Beneficiary Reporting Obligations: The New Compliance Burden
The 2025 Amendment Ordinance introduces, for the first time, a statutory obligation on beneficiaries to report their interests in trusts to the IRD. Previously, beneficiaries could rely on the trustee to handle all tax filings, and the beneficiary’s own tax return (BIR60) only required disclosure of actual distributions received. The new regime fundamentally alters this dynamic.
The New BIR60 Schedule 8
Effective from the 2025/26 year of assessment, all individual taxpayers who are beneficiaries of a trust—whether a discretionary trust, a fixed interest trust, or a unit trust—must complete a new Schedule 8 to their BIR60 tax return. This schedule requires the beneficiary to disclose: (a) the name and jurisdiction of the trust; (b) the date of settlement; (c) the nature of their interest (discretionary, fixed, or contingent); (d) the fair market value of the trust corpus at the end of the year of assessment; and (e) any distributions received during the year, including non-cash distributions such as the use of a trust-owned property or the payment of school fees directly from the trust. The penalty for non-disclosure is a maximum of HK$100,000 and a potential three-year surcharge period on any underpaid tax, calculated at the highest marginal rate (currently 17% for salaries tax).

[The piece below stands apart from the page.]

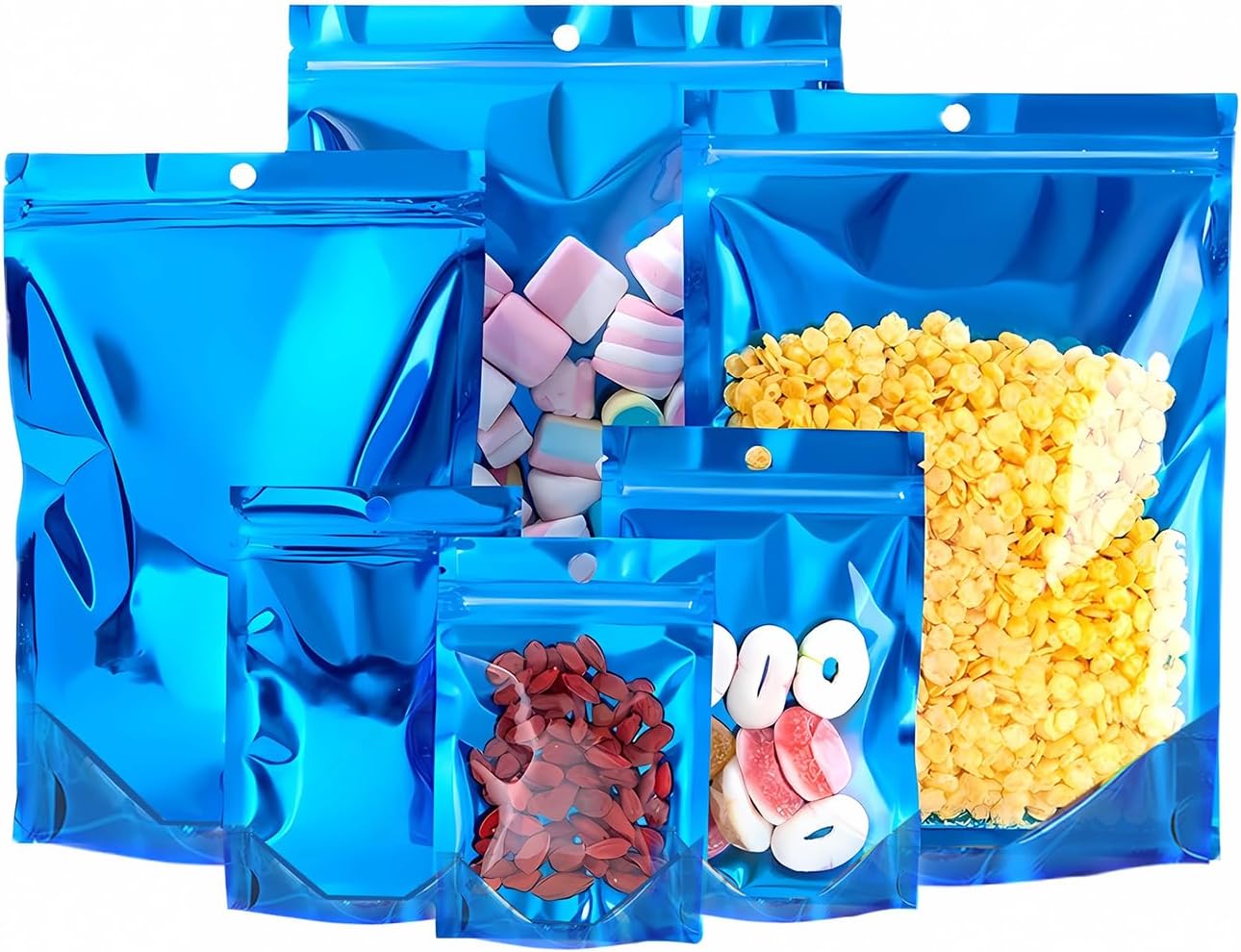 100 Pack Smell Proof Stand Up Mylar Bags with Resealable Zipper & Clear Window - 7.9x11.8 Inch Odor-Proof Aluminum Foil Pouches for Food Storage, Coffee, Cookies, Jewelry, Small Business Packaging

The Interaction with FATCA and CRS
For beneficiaries who are US citizens or green card holders, the new Hong Kong reporting obligations intersect directly with the Foreign Account Tax Compliance Act (FATCA) and the Common Reporting Standard (CRS). Under the US-HK Intergovernmental Agreement (IGA) signed in 2014, Hong Kong financial institutions—including trust companies—must report accounts held by US persons to the IRD, which then transmits the data to the IRS. The 2025 Ordinance now requires the trustee to identify all US beneficiaries and report their details to the IRD as part of the trust’s annual return (Form IRT1). This is a significant departure from prior practice, where many Hong Kong trust companies relied on the “deemed-compliant” status of trusts to avoid reporting. The IRS has also issued updated guidance in Notice 2025-23, clarifying that a Hong Kong trust with a US beneficiary is a “foreign trust with a US owner” under IRC § 679, triggering additional filing requirements on Form 3520 and Form 3520-A. The penalty for failure to file Form 3520 is the greater of US$10,000 or 35% of the value of the trust property.

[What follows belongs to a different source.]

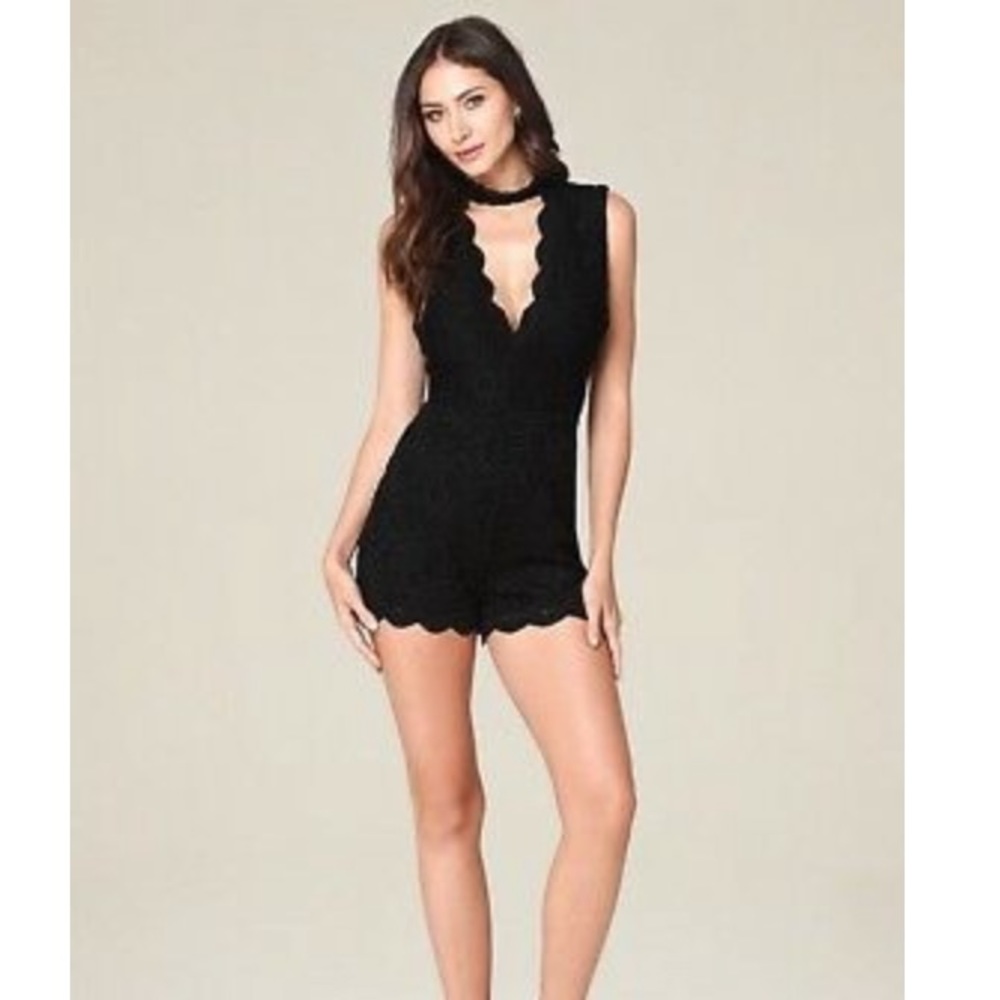 Black Lace Bebe Romper - Picture 1 of 6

The Offshore Source Claim and the Burden of Proof
The most contentious aspect of the new reporting regime is the requirement for beneficiaries to substantiate any claim that trust income is offshore-source. Under Section 61D, a beneficiary who receives a distribution from a trust must include that distribution in their assessable income unless the trustee provides a written certificate stating that the underlying income was sourced outside Hong Kong. This certificate must include a detailed analysis of the investment activities and the location of the decision-making. The IRD has issued a standard form (IRT1C) for this purpose. In practice, this means that beneficiaries of trusts that hold assets managed by a Hong Kong-based family office will find it extremely difficult to sustain an offshore-source claim, as the investment decisions are almost certainly made within Hong Kong. A 2023 High Court case, D v. Commissioner of Inland Revenue [2023] HKCFI 1892, confirmed that the location of the investment manager is the primary determinant of source for portfolio investment income, even if the underlying assets are listed on foreign exchanges.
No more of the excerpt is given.